*Your task*:
The lines from the one containing "Tran Quoc Pagoda" to the end of the entries, both included, are what you need to transcribe exactly, without pictures and without anything else.
══ Records to use ══
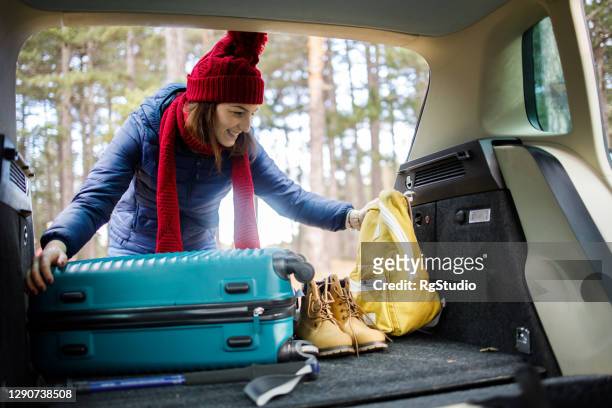 glückliche junge frau packt ihren koffer, um in einen wanderurlaub zu gehen - luggage trunk stock-fotos und bilder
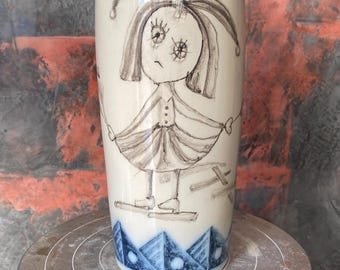 Könnte beinhalten: Eine weiße Keramikvase mit einer skurrilen Illustration eines Mädchens in einem Kleid. Die Vase hat blaue geometrische Muster oben und unten. Das Mädchen ist in Schwarz und Grau gezeichnet, mit einem traurigen Ausdruck. Die Vase steht auf einem Metallständer.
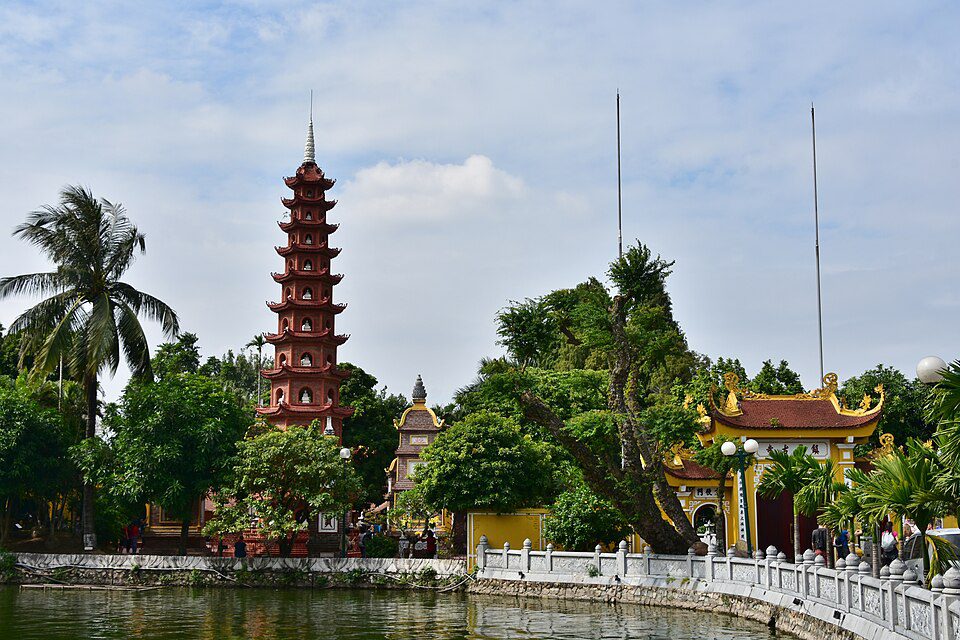 Tran Quoc Pagoda reflected in West Lake during sunset in Hanoi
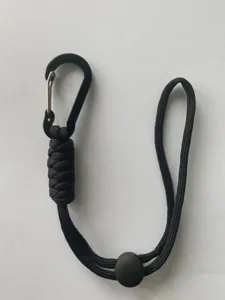Black paracord lanyard with carabiner and cord lock, versatile outdoor bag strap accessory.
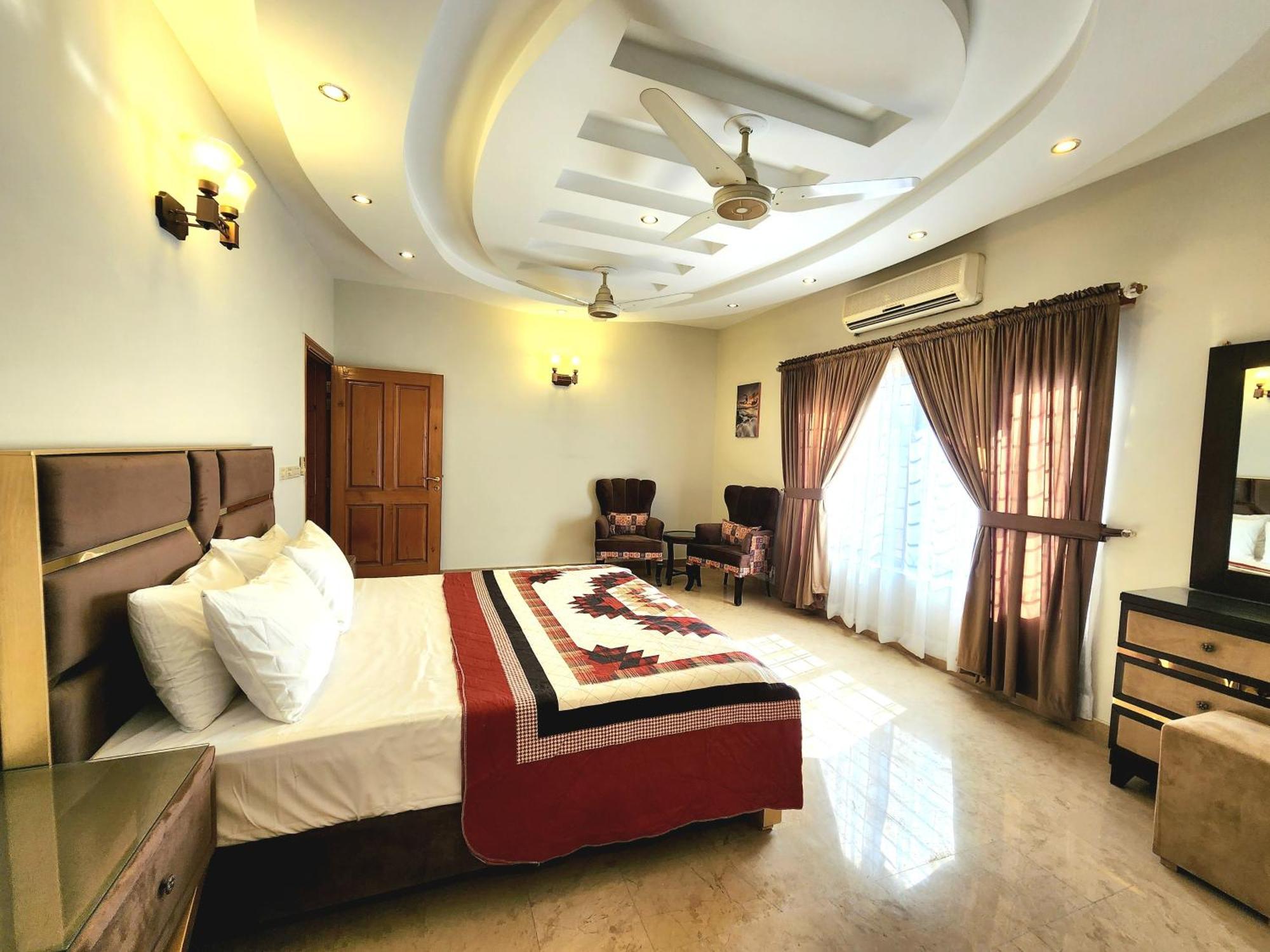 The Millenial Apartments & Suites Bahria Town Rawalpindi Værelse billede
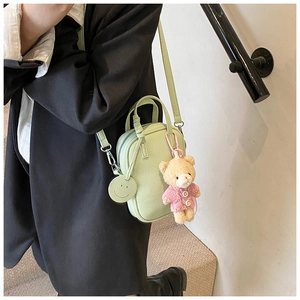 Detail of light green faux leather crossbody bag with teddy bear and smiley charm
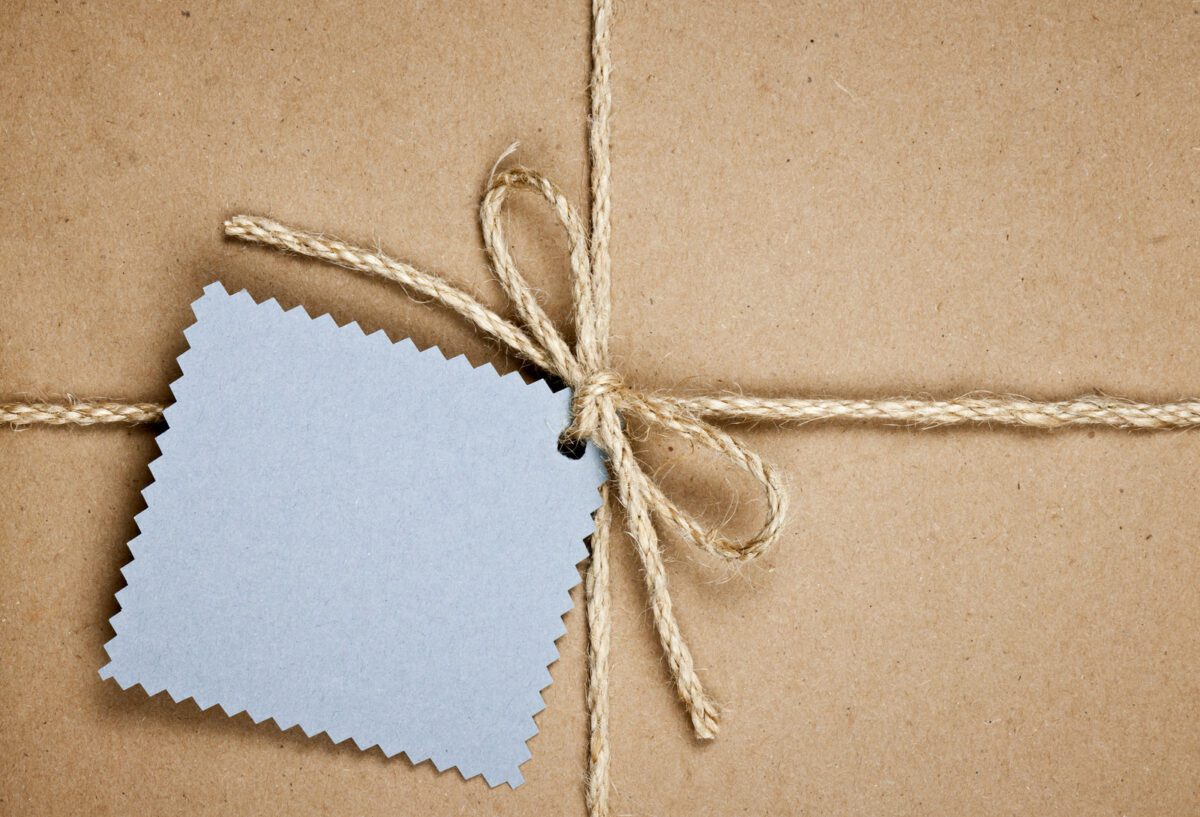 Gift with blue card in brown paper ○ Soccer Blade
═══
*Task result*:
 Tran Quoc Pagoda reflected in West Lake during sunset in Hanoi
Black paracord lanyard with carabiner and cord lock, versatile outdoor bag strap accessory.
 The Millenial Apartments & Suites Bahria Town Rawalpindi Værelse billede
 Detail of light green faux leather crossbody bag with teddy bear and smiley charm
 Gift with blue card in brown paper ○ Soccer Blade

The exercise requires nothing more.